◆ **RECORD EXTRACTS**
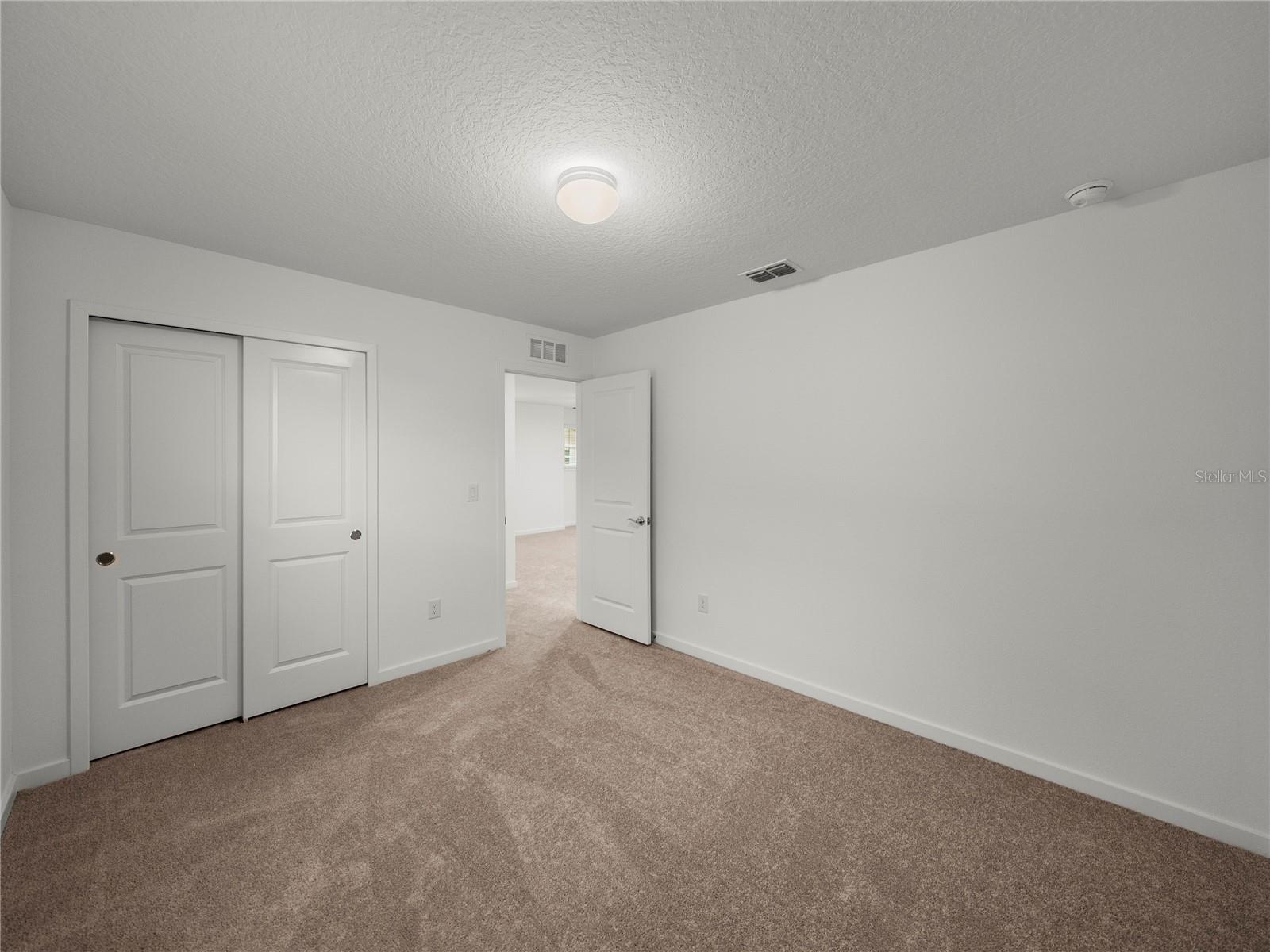 1076 KISTNA DR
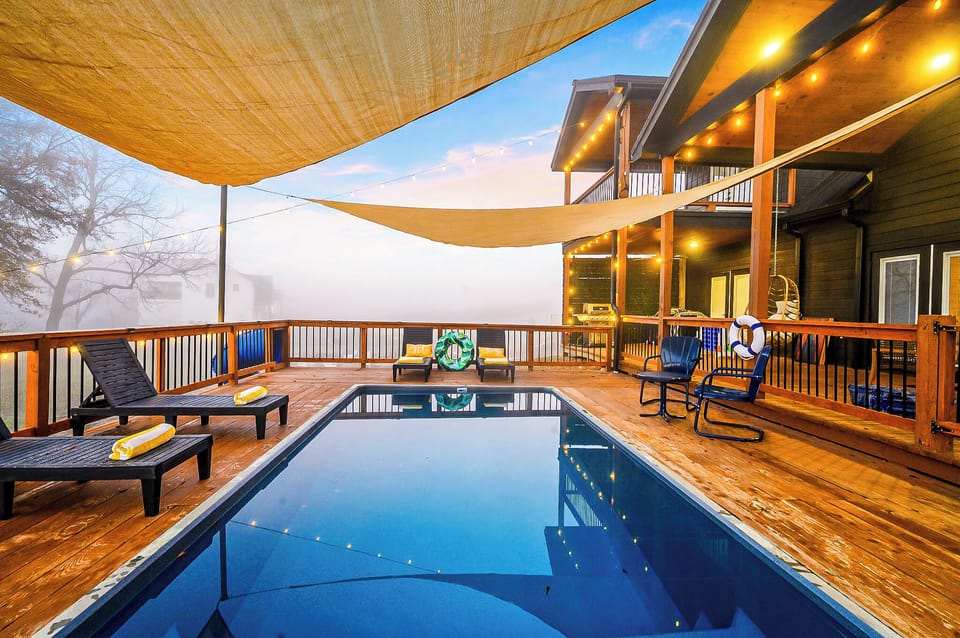 Pool can be heated to 85 degrees in the cooler season!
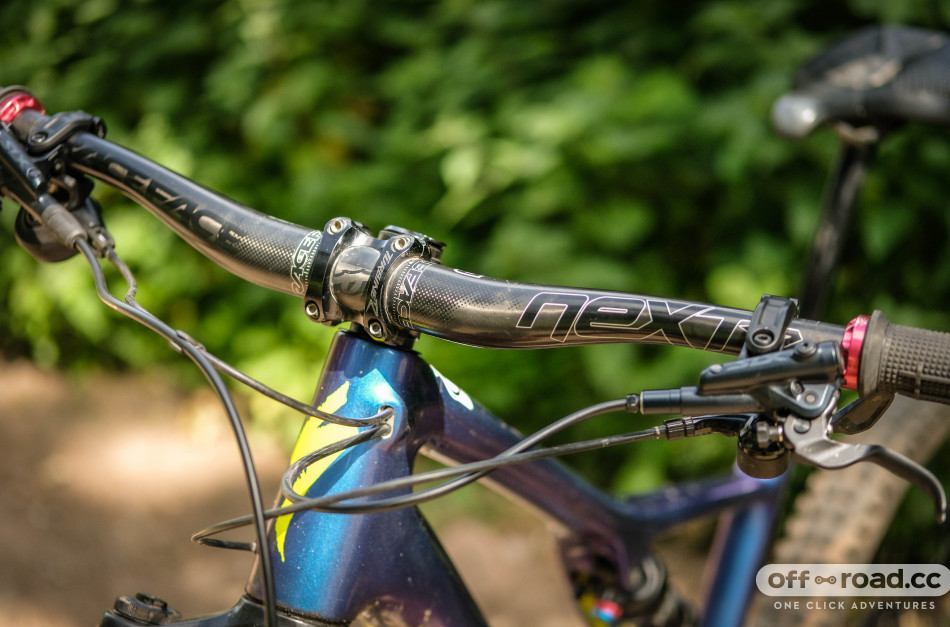 RaceFace Next R 35 handlebar review off road.cc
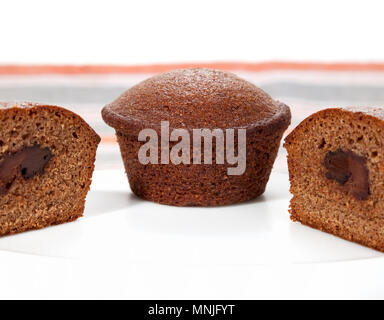 Des petits muffins au chocolat servir sur la plaque Banque D'Images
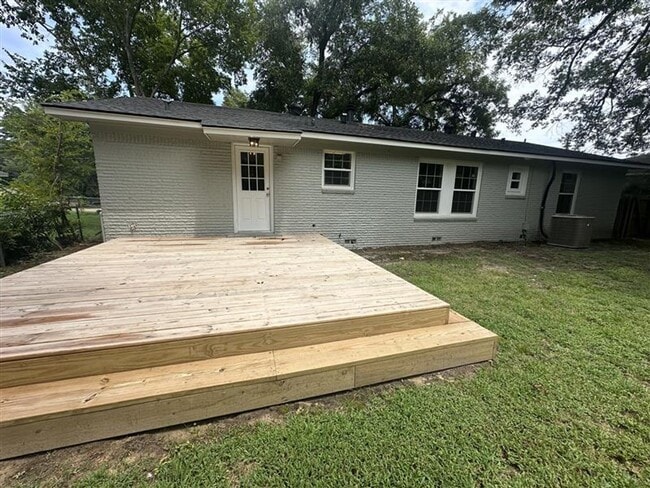 Building Photo - 2533 Chelsea Dr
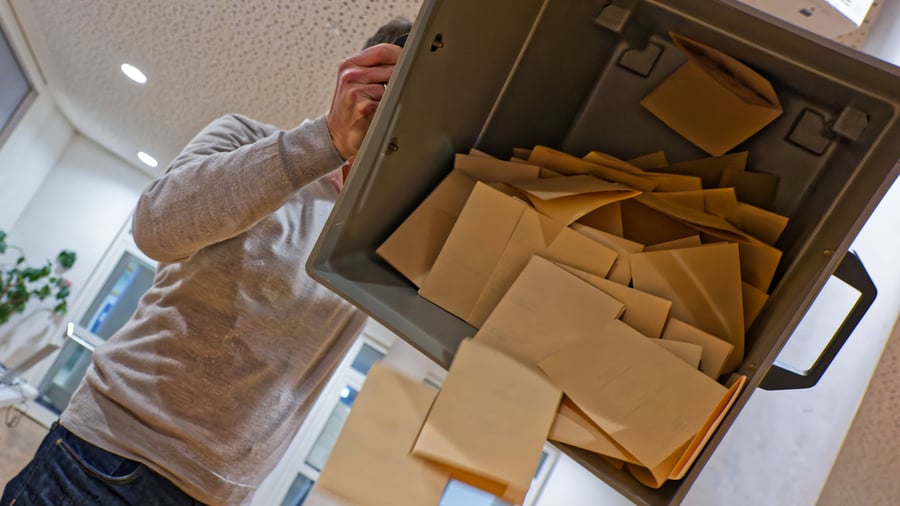 Wahlsonntag: Bayern-Kommunalwahl: Viele Stichwahlen, Reiter muss zittern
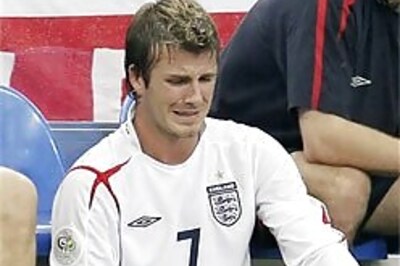 Beckham quits as England skipper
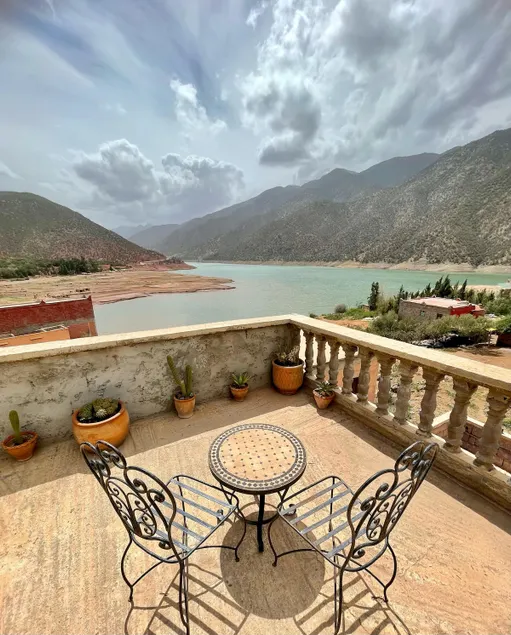 lake view, comfortable artistic design - Image 1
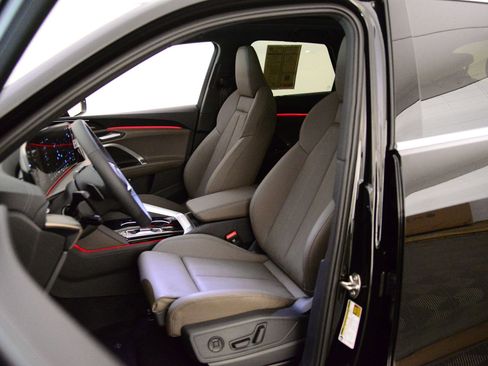 New 2025 Audi Q5 Premium Plus AWD/4WD image 4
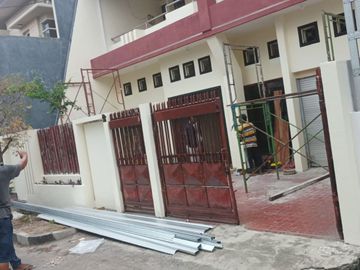 Bangunan 3 Lantai Rumah Darmo Indah Timur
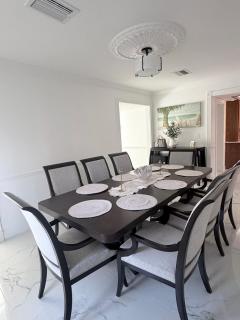 Beach Mansion 3 minute Drive to the Beach! - 5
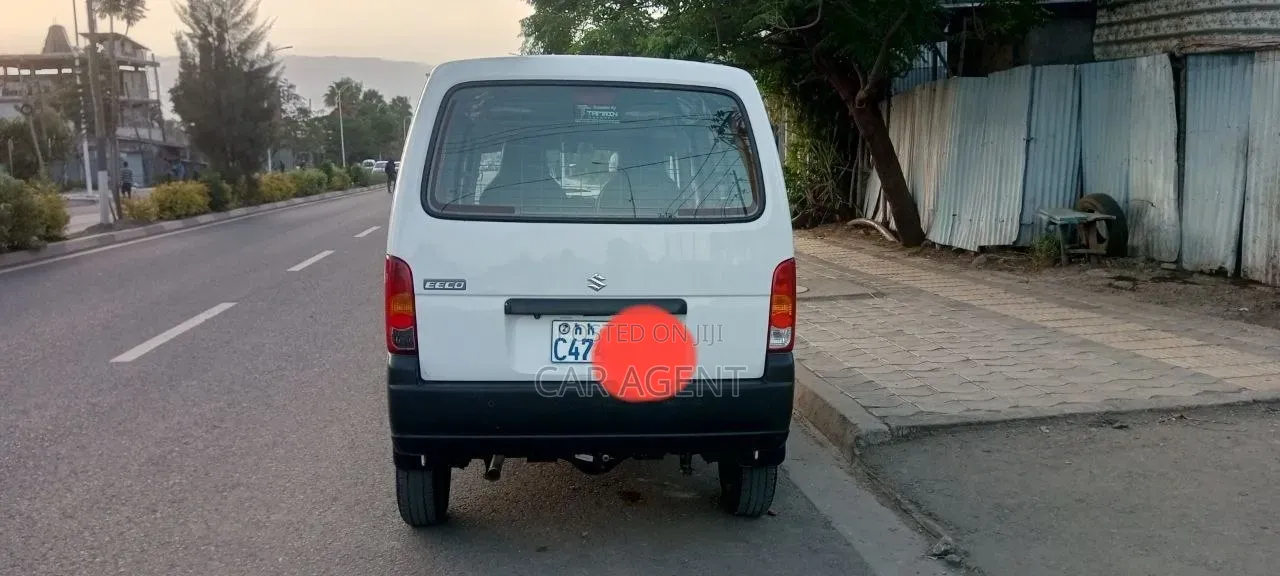 Bus 2023 White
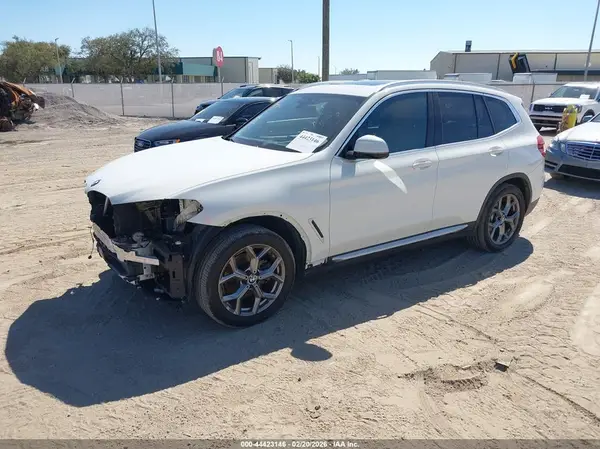 5UXTY3C04LLU71993 2020 BMW X3 - Image 2
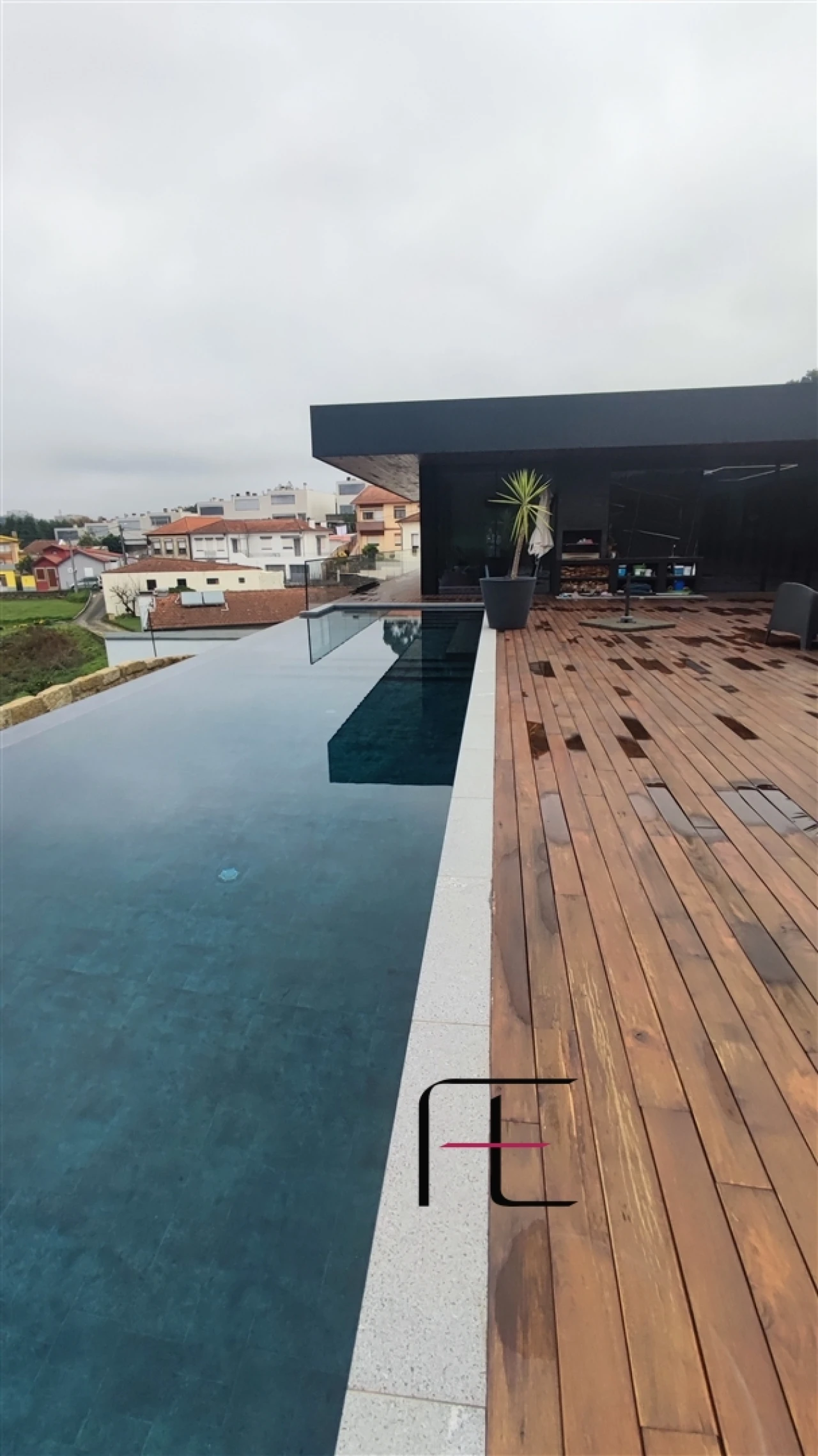 Moradia T4 para Venda em Avintes Foto 34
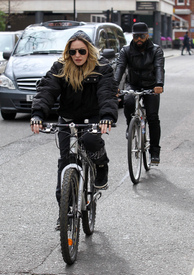 madonna180416BZNimage8.jpg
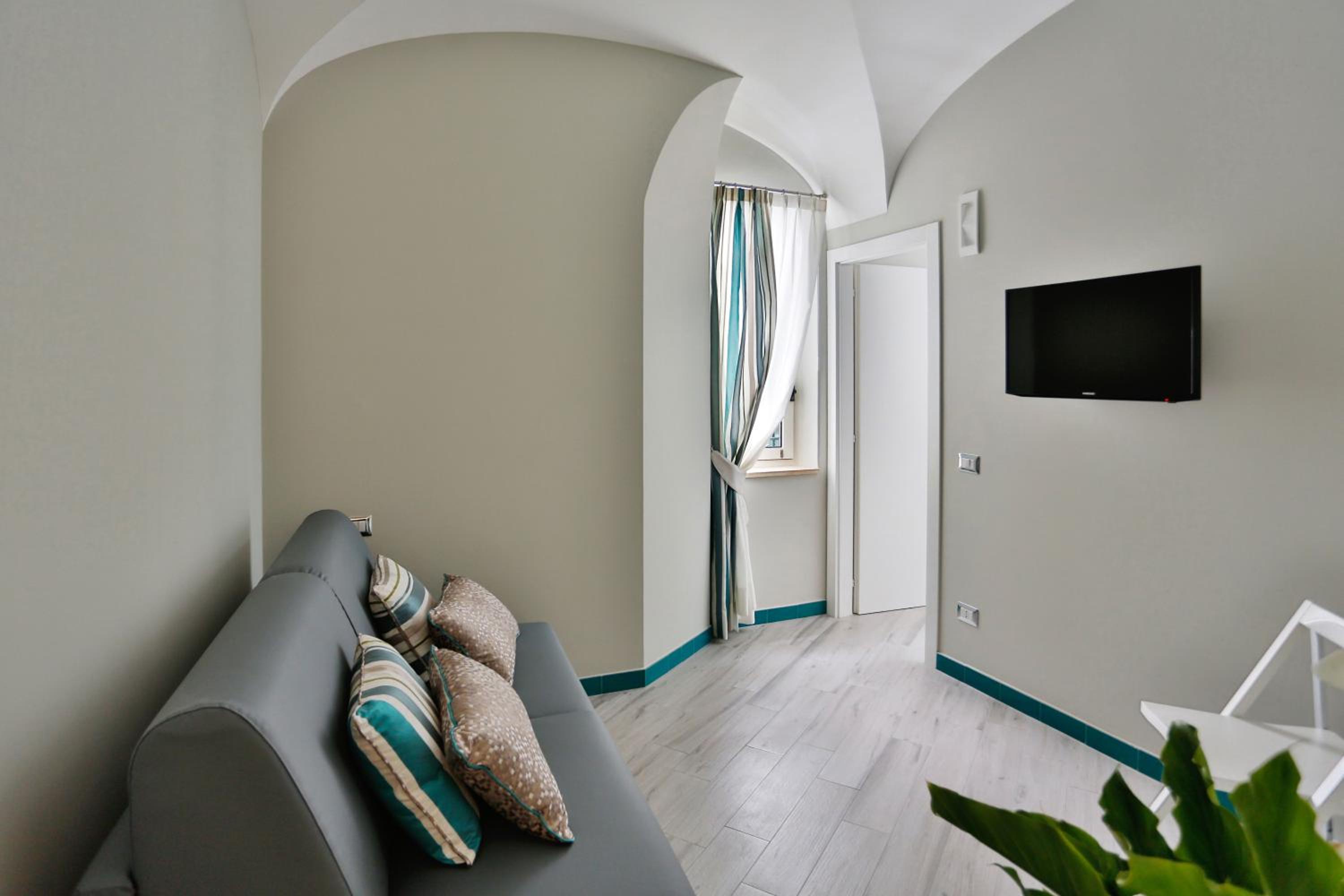 One-Bedroom Apartment photo 2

◆ **GOAL OF THE EXERCISE**
Every line of the records above should be copied exactly, while the pictures are left behind.

◆ **OUTPUT OF THE EXERCISE**
 1076 KISTNA DR
 Pool can be heated to 85 degrees in the cooler season!
 RaceFace Next R 35 handlebar review off road.cc
 Des petits muffins au chocolat servir sur la plaque Banque D'Images
 Building Photo - 2533 Chelsea Dr
 Wahlsonntag: Bayern-Kommunalwahl: Viele Stichwahlen, Reiter muss zittern
 Beckham quits as England skipper
 lake view, comfortable artistic design - Image 1
 New 2025 Audi Q5 Premium Plus AWD/4WD image 4
 Bangunan 3 Lantai Rumah Darmo Indah Timur
 Beach Mansion 3 minute Drive to the Beach! - 5
 Bus 2023 White
 5UXTY3C04LLU71993 2020 BMW X3 - Image 2
 Moradia T4 para Venda em Avintes Foto 34
 madonna180416BZNimage8.jpg
 One-Bedroom Apartment photo 2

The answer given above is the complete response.